_Supplied material:_
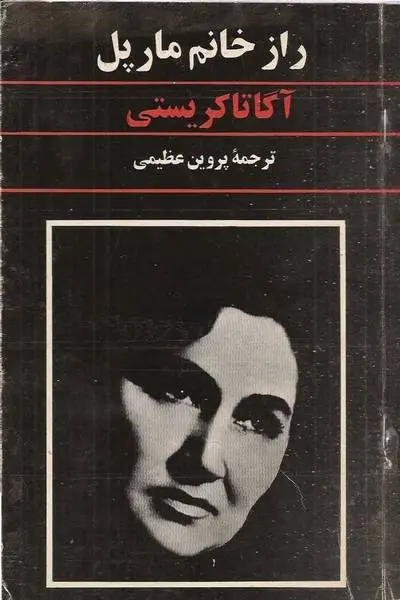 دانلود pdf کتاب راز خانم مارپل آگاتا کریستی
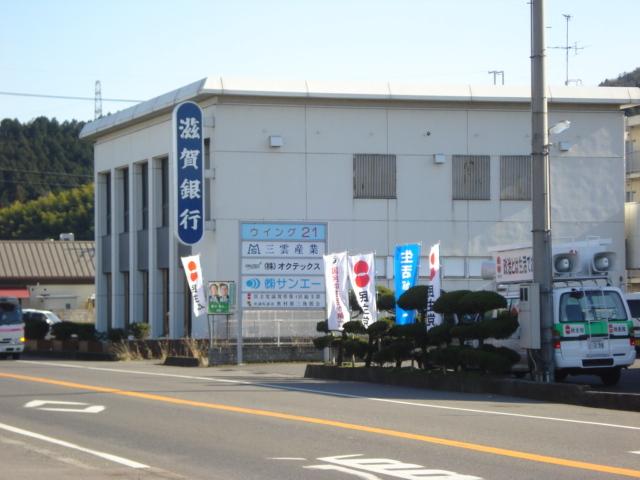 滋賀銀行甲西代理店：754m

---

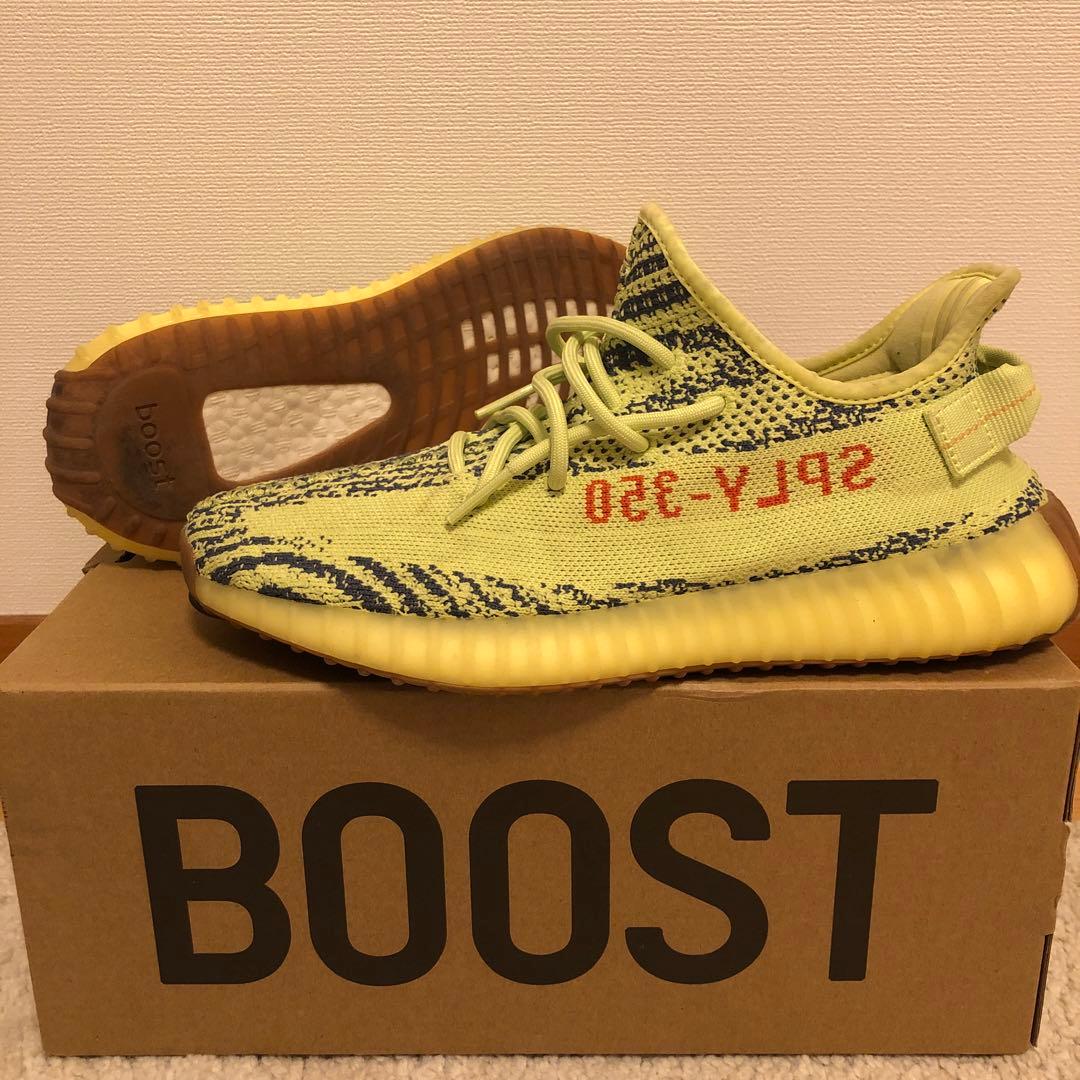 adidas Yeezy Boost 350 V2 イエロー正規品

* * *

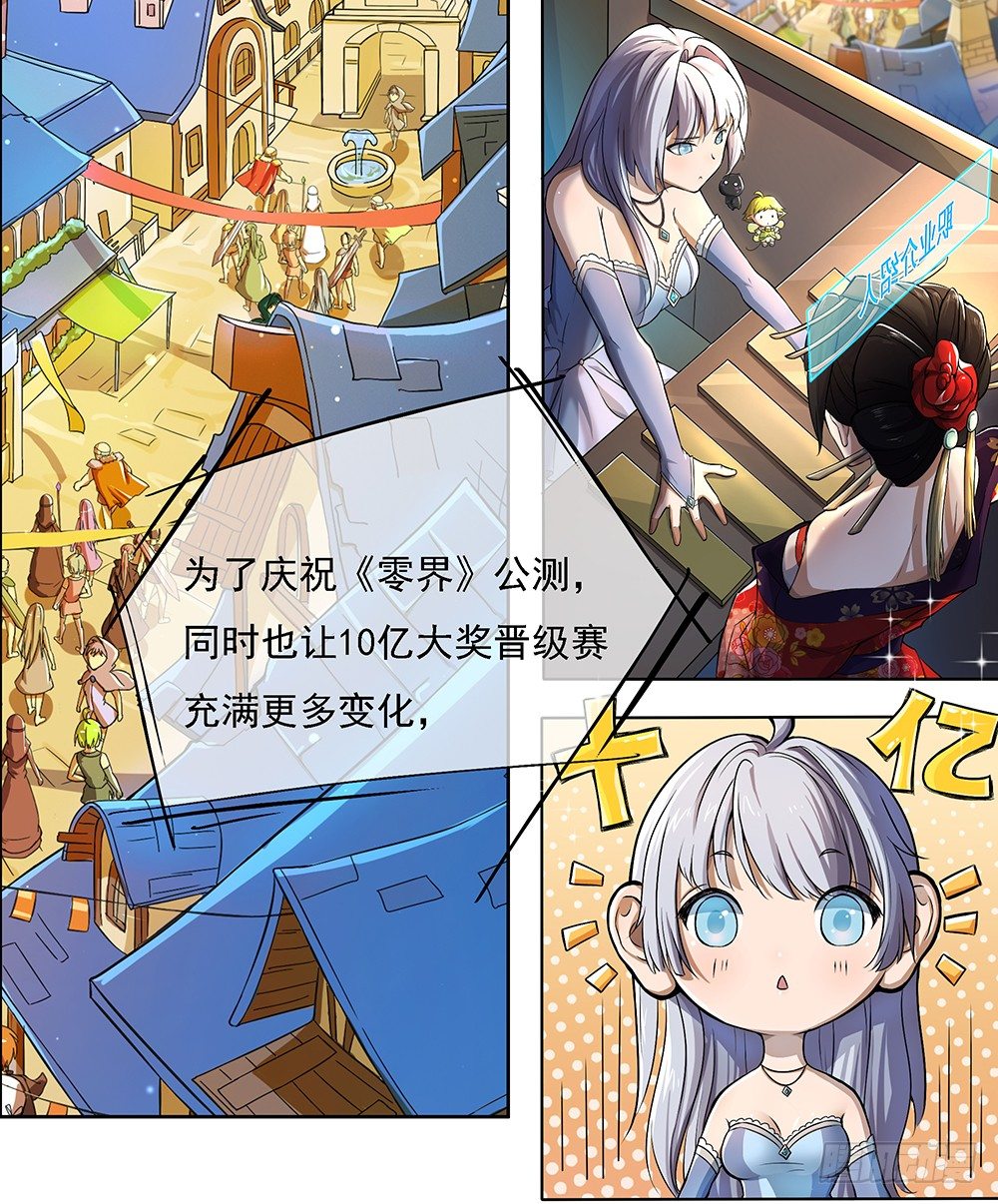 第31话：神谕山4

_Brief:_ Take the material above from the line containing "دانلود pdf کتاب راز خانم مارپل آگاتا کریستی" up to and including the line containing "滋賀銀行甲西代理店：754m" and retype it exactly, without any pictures.

_Answer area:_
 دانلود pdf کتاب راز خانم مارپل آگاتا کریستی
 滋賀銀行甲西代理店：754m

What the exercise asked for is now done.